‘New Moon’, T.D. Walker

Illustration © 2017 Christine Cartwright

After the second moon arrived, the first said
nothing. The earth did not hide
its disappointment behind the moon’s
lumpy shadow. The earth was not

pulled by new tides. The night
birds, used to sodium-vapor’s
glow, did not watch its rising. Only
we recalibrate ourselves, looking

for small creatures in the darkness to die
off or overrun the fields behind our houses.
An old man lets a cat out the back door.
One plane crashes. Another

lands on time. Its passengers check
the carousel for their bags. The tour bus
fills, leaves for the dark sky
field where they’ll set up for the viewing.

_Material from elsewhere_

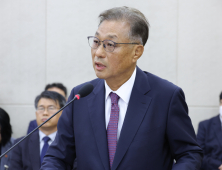 ‘여대생 청부살인범’ 도운 의사 채용 논란…심평원장 “오래돼 괜찮을 줄” [2025 국감]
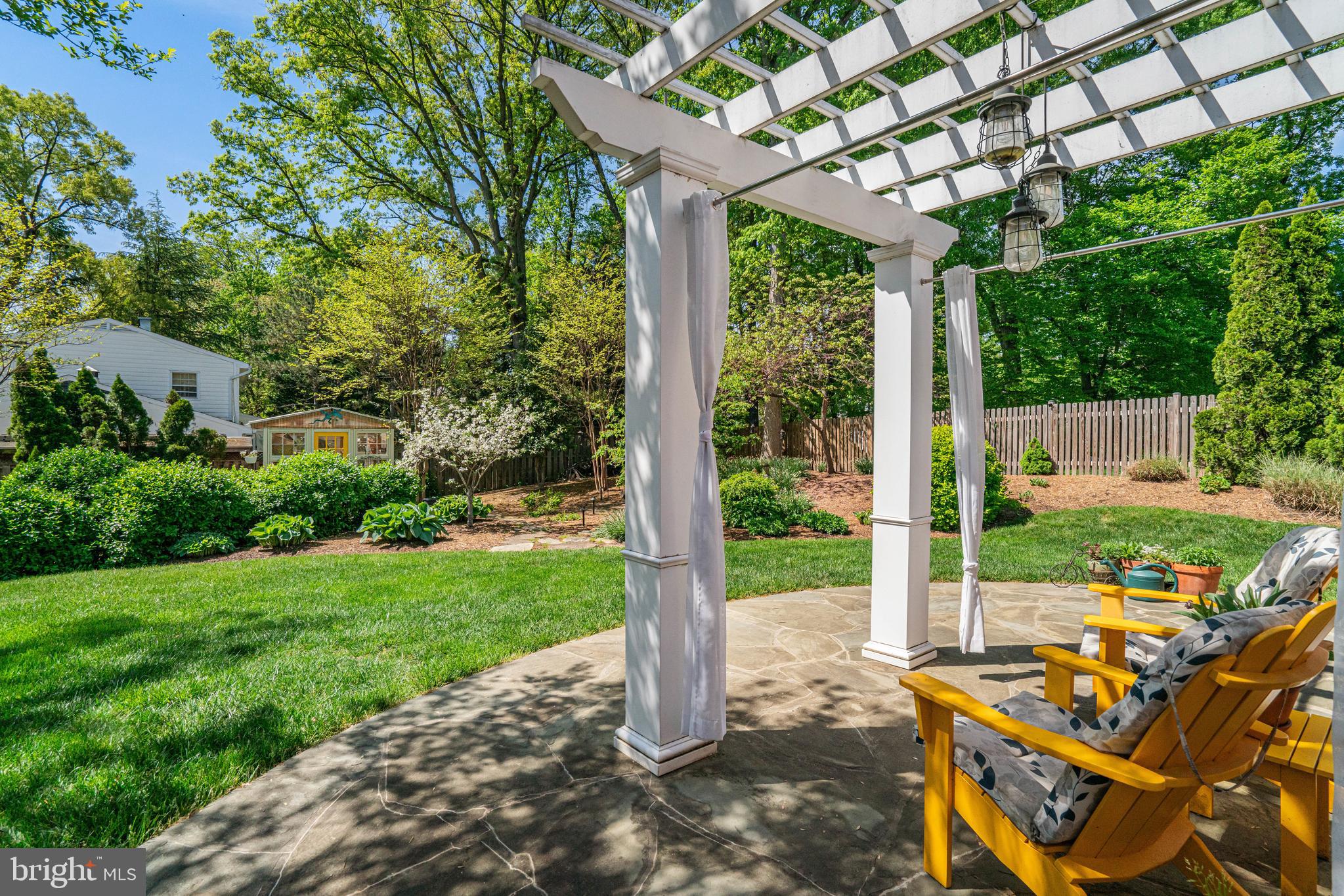 BUCKNELL MANOR - Residential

We’ll fill this one too, the tourists
say. The second moon rises. The first
does not show from this distance
where we’ve landed, again and again.

Someone will say the new
moon does not exist, we cannot
see it without our instruments.
In the morning, the old man

lets the cat back inside. The bus
pulls away from the field. The plane takes
off from the same runway. The first moon
cannot see the second: what we see

in the darkness, a flash caught suddenly,
the eye tugging at itself.

 [ Illustration © 2017, Christine Cartwright ]

© 2017 T.D. Walker

Comment on the stories in this issue on the TFF Press blog.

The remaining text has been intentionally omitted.